* Exercise
Repeat the data that follows exactly, starting at the line with "Bijoux Bar Ring" and ending at the line with "Houston Skyline Outline", and leave out every picture.
------ Data records ------
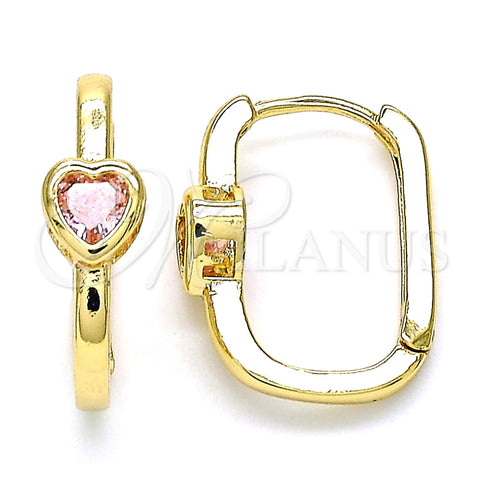 Argolla Huggie 02.210.0554.15 Oro Laminado, Diseño de Corazón, con Rosado Zirconia Cubica, Pulido, Tono Dorado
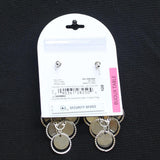 Bijoux Bar Ring Glitter Disc Layered Dangly Earrings Silver Gray / Purple 3"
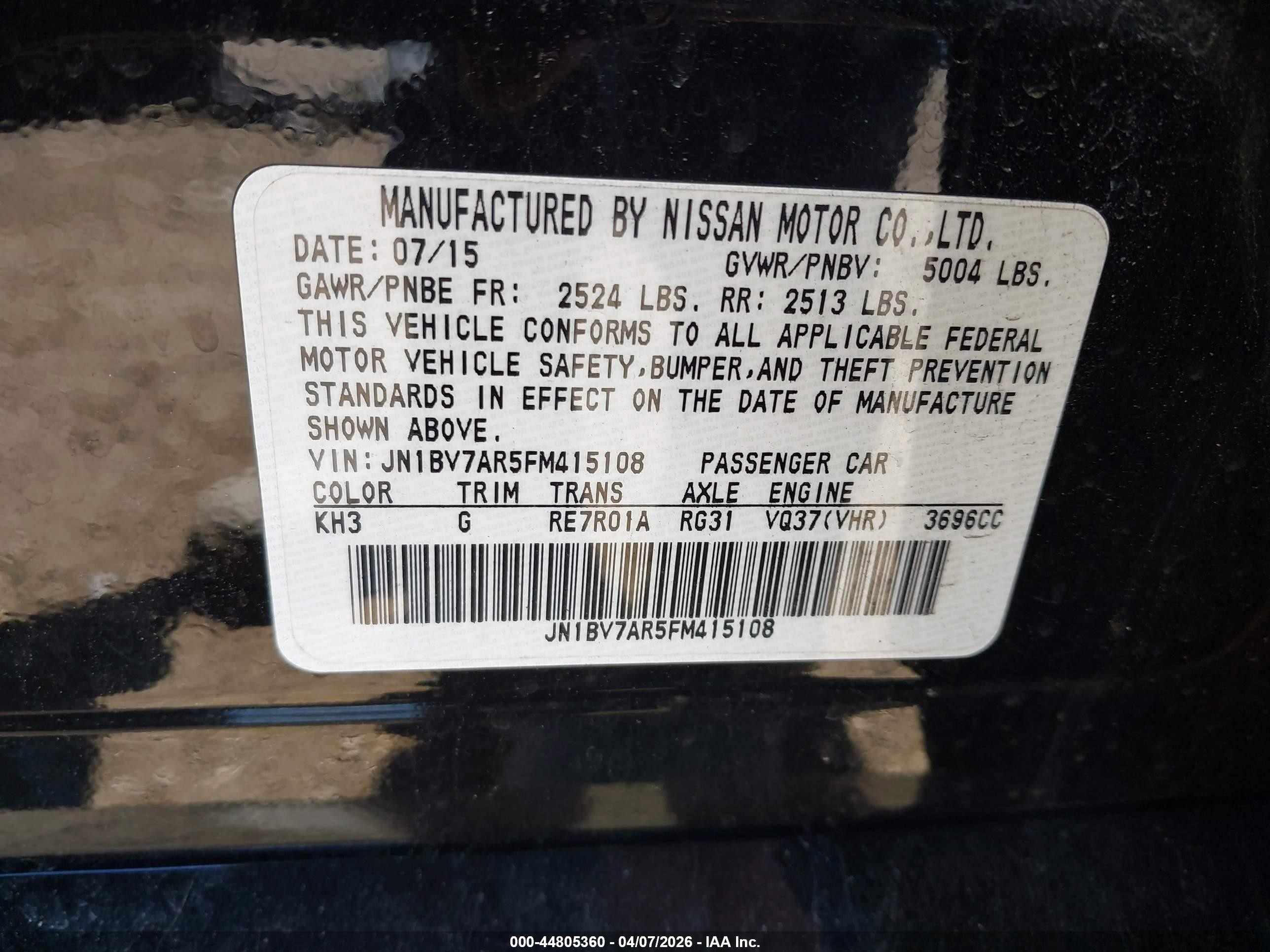 2015 Infiniti Q50   Black vin: JN1BV7AR5FM415108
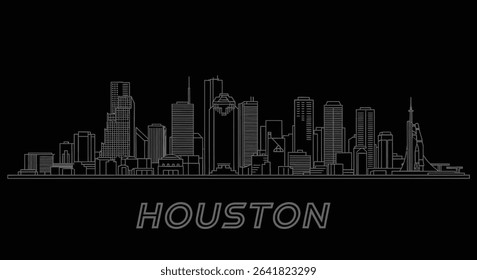 Houston Skyline Outline with Cityscape, Texas, and Black.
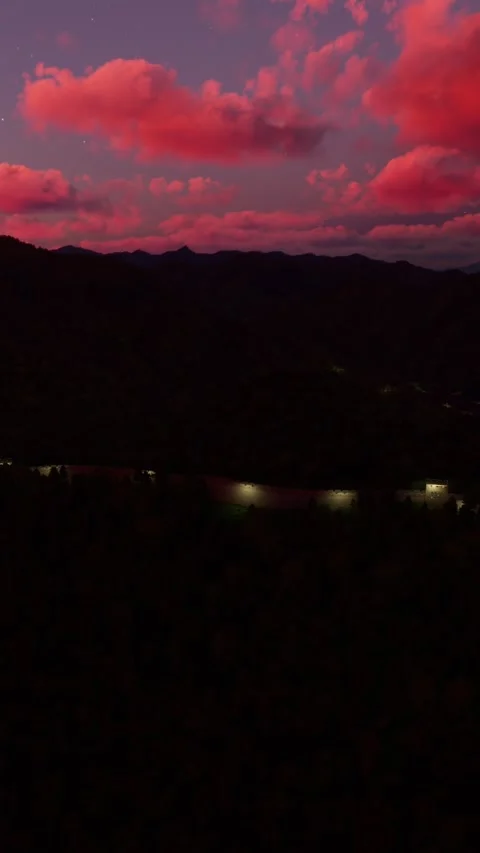 Side aerial view at sunset of the Great Wall of China; Mutianyu; Beijing. China Stock Footage 284491281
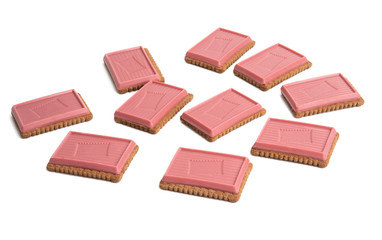 cookies with berry pink chocolate isolated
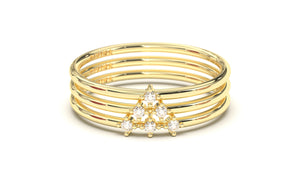 Stackable Ring with Three Round White Diamonds | Mix & Match Trio XV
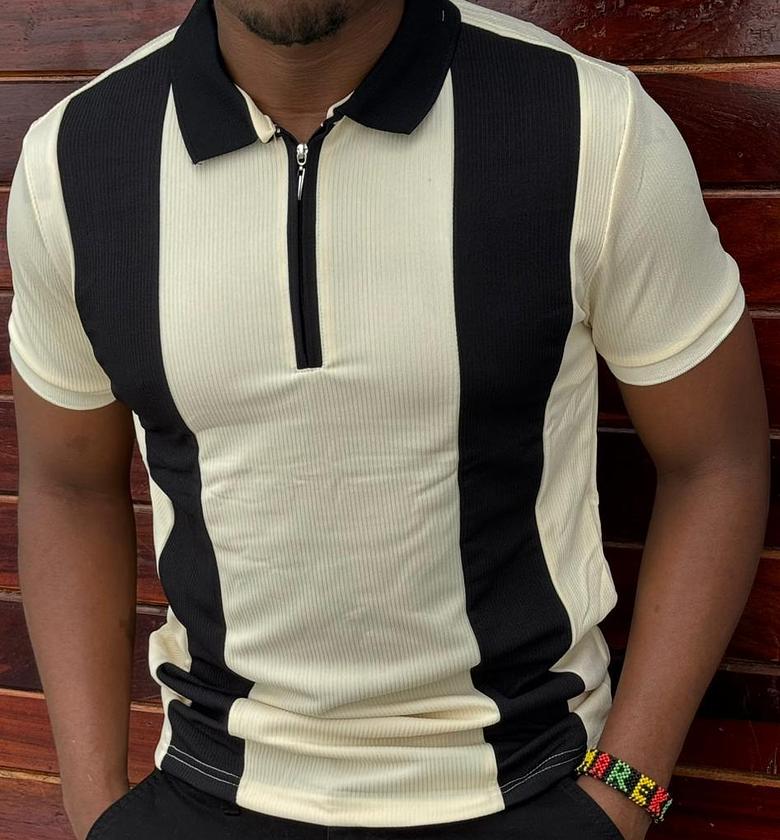Men ribbed polo shirts image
------
* Solution for this task
 Bijoux Bar Ring Glitter Disc Layered Dangly Earrings Silver Gray / Purple 3"
 2015 Infiniti Q50   Black vin: JN1BV7AR5FM415108
 Houston Skyline Outline with Cityscape, Texas, and Black.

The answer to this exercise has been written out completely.